With pictures removed, the data below should be returned exactly.
== Segment start ==
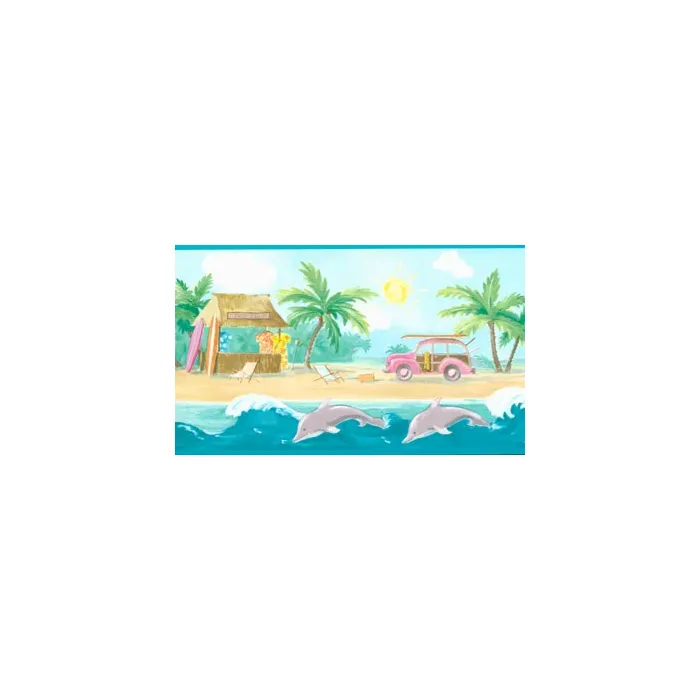 Teal Beach Club Wallpaper Border KL2909B- 2rolls left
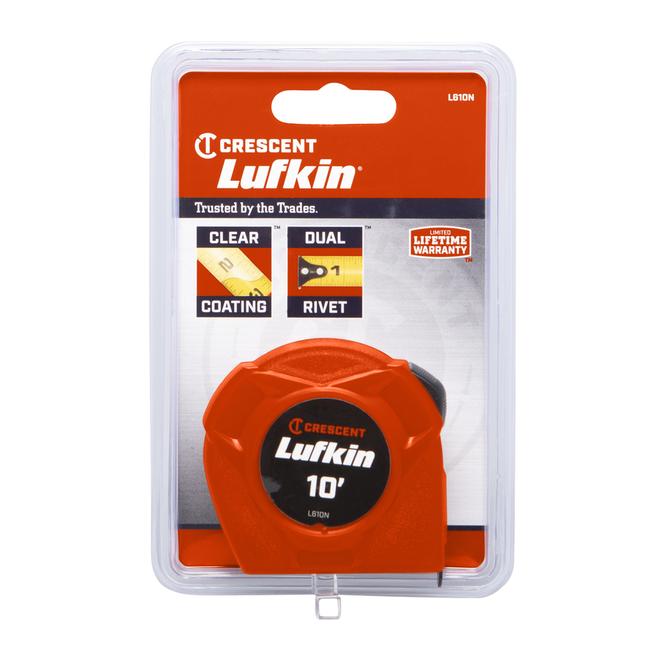 Lufkin Tape Measure, 1/2 In. x 10 Ft. Hi-Viz Orange Power Return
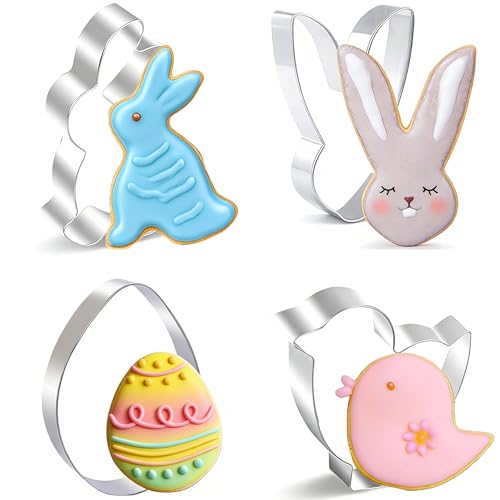 BELSVOR Set mit 4 Ausstechformen Ostern, Ausstecher ostern aus Edelstahl, Ausstechformen für Dekoration Keks/Kuchen/Plätzchen/Gebäck, Keksausstecher 4 Stück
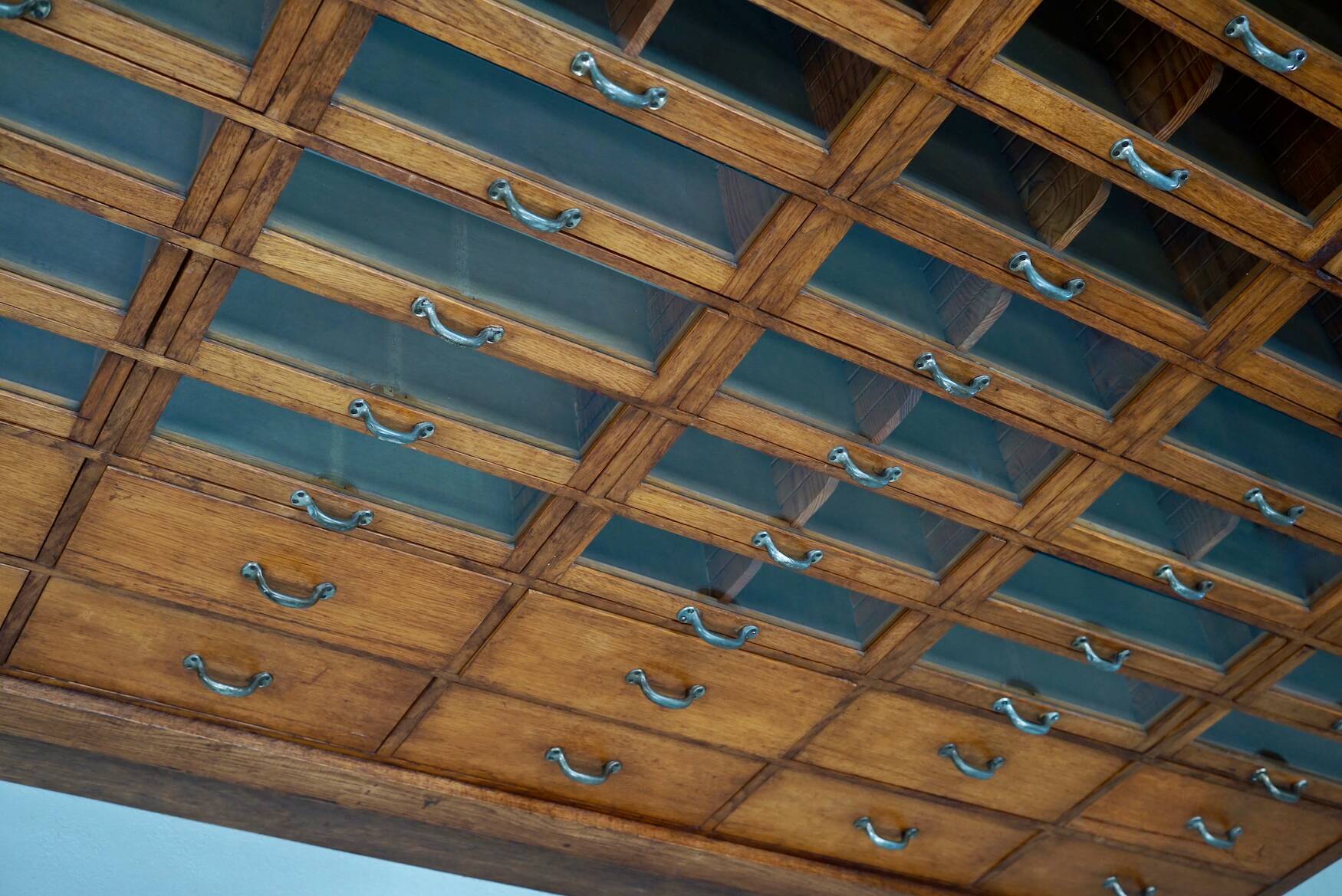 Large vintage German oak haberdashery shop cabinet, 1940s
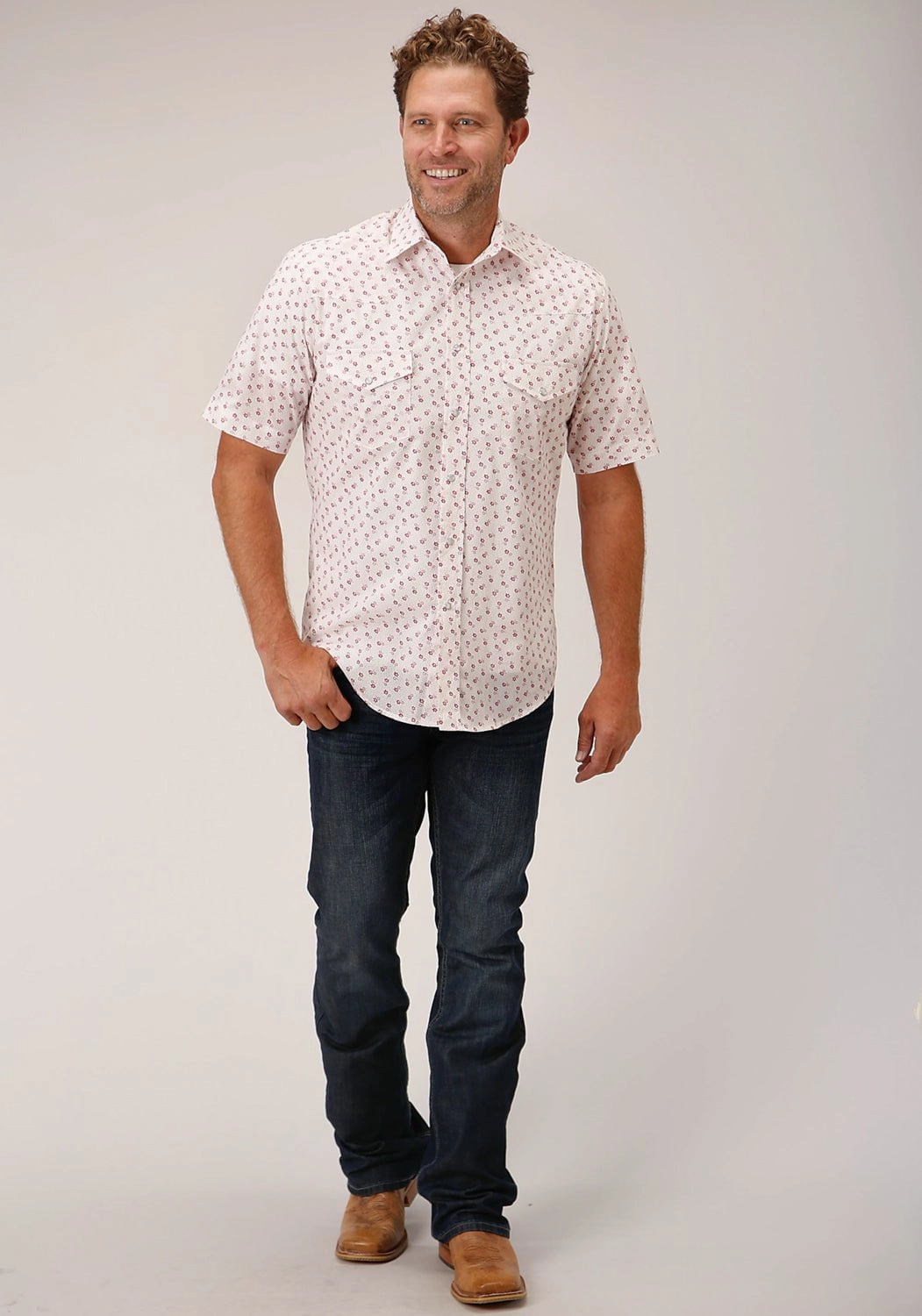 Roper Mens White/Red Cotton Blend Floral S/S 55/45 Shirt Ergonomic Sleeve Cut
== Segment end ==
## Result of the task:
 Teal Beach Club Wallpaper Border KL2909B- 2rolls left
 Lufkin Tape Measure, 1/2 In. x 10 Ft. Hi-Viz Orange Power Return
 BELSVOR Set mit 4 Ausstechformen Ostern, Ausstecher ostern aus Edelstahl, Ausstechformen für Dekoration Keks/Kuchen/Plätzchen/Gebäck, Keksausstecher 4 Stück
 Large vintage German oak haberdashery shop cabinet, 1940s
 Roper Mens White/Red Cotton Blend Floral S/S 55/45 Shirt Ergonomic Sleeve Cut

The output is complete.